Собрание в Познани. Выступает командир подводной лодки, у него рыцарский крест с дубовыми листьями. Немцы и немки, вспоминая былое, вопят: «Зиг! Гайль!» Затем берет слово гаулейтер Артур Грейзер: «Мы должны уничтожить в нашей среде малодушных и предателей. Мы — передовой бастион великой Германии. Не за тем мы раздавили Польшу, чтобы впустить сюда большевиков». На минуту страх овладевает всеми: неужели они придут?... Потом раздается «Зиг! Гайль!»
В пивной «Берлинер киндль» сидят почтенные бюргеры. Сегодня получено пиво, правда, это — военное пиво, слабое, мутное, кислое, но всё же это пиво. Господин Бахем говорит: «Отвратительные новости. Моя жена заболела от радио. Не будь я связан службой, я немедленно уехал бы в деревню. Вчера они скинули листовки, что Берлин ждет судьба Гамбурга. А как вам нравятся итальянцы? Это настоящий удар в спину. Но самым опасным я считаю русских. Если они могут наступать летом, значит мы пропали...» Господин Мюнцберг возражает: «Вы поддаетесь панике. Теперь самое главное крепкие нервы. В 1918 нас подвели исключительно нервы. Но теперь у нас фюрер. Мой сын приехал позавчера из Финляндии. Он говорит, что наши солдаты способны удержать русских, а в случае чего расправиться с финнами». Господин Мюнцберг вынимает коробок финских спичек, раскладывает спички: «Вот здесь Сицилия. Здесь Бреннер. Англо-саксы никогда не пройдут. А вот это — линия Днепра, причем она сильнее линии Зигфрида, мне говорил об этом инженер Вайсс. Вы можете не волноваться...»

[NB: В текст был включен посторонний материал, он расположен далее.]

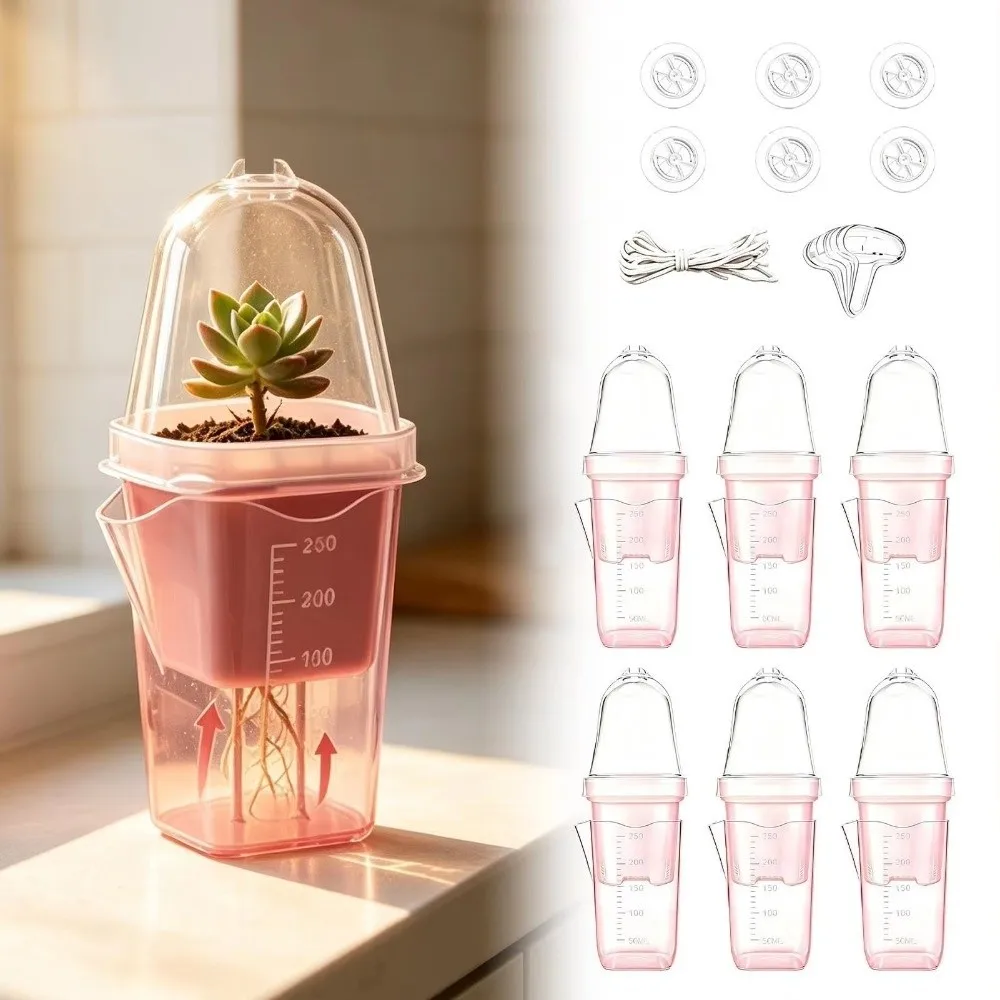 New Plastic Self-Watering Flower Pots Double-Layer Structure Root View Transparent Plant Pots Nursery Pots Succulent Growing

1918 — эта цифра встает перед глазами Германии. «Четверть века спустя», как присказку, повторяют немцы. Бухгалтер Штейнберг, проживающий в Глайвице, измученный сомнениями, пошел к хиромантке. Она ему дала «защитное письмо» и сказала: «По гороскопу выходит плохо, по руке и картам тоже. Во сне я слышала: «Хорошо началось, плохо кончится». Но я верю в ваше счастье и в наше счастье. Ваш сын вернется победителем». Господин Штейнберг написал об этом разговоре своему сыну, обер-ефрейтору, и переслал ему «молитвенное защитное письмо». Господин Штейнберг писал сыну: «Эта женщина произвела на меня сильное впечатление. Я сам боюсь, что с войной у нас всё слишком хорошо началось, а кончиться может, как в 1918. Я тебя прошу, носи талисман на груди. Это «письмо» было впервые найдено в Голштинии в 1724 году. Говорят, что его привязывали на шею собаке, стреляли — и собака оставалась цела. Может быть — все кончится хорошо...» Талисман не помог обер-ефрейтору Штейнбергу: он был убит под Орлом. Не помогут заклинания и Германии: приближается время, когда Содом и Гоморра ответят за свои неисчислимые грехи.